Problem – For the listing below, print exactly the lines from the line with "Palais du Rosaire" to the line with "Каса за килим", both included, and nothing beyond them.
=====
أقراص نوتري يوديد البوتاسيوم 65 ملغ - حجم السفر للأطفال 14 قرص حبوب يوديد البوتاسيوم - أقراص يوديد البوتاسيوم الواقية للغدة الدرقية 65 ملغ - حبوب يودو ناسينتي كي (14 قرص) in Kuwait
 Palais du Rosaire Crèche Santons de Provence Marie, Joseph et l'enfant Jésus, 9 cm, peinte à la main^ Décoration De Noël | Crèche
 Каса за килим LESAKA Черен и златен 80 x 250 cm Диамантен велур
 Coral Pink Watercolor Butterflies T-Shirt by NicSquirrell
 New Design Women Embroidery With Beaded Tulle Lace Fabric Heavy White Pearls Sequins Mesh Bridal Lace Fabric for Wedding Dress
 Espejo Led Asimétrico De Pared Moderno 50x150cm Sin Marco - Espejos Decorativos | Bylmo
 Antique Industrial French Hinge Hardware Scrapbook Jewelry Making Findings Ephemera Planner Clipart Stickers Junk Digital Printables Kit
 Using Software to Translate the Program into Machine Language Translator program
=====
Output of the task –
 Palais du Rosaire Crèche Santons de Provence Marie, Joseph et l'enfant Jésus, 9 cm, peinte à la main^ Décoration De Noël | Crèche
 Каса за килим LESAKA Черен и златен 80 x 250 cm Диамантен велур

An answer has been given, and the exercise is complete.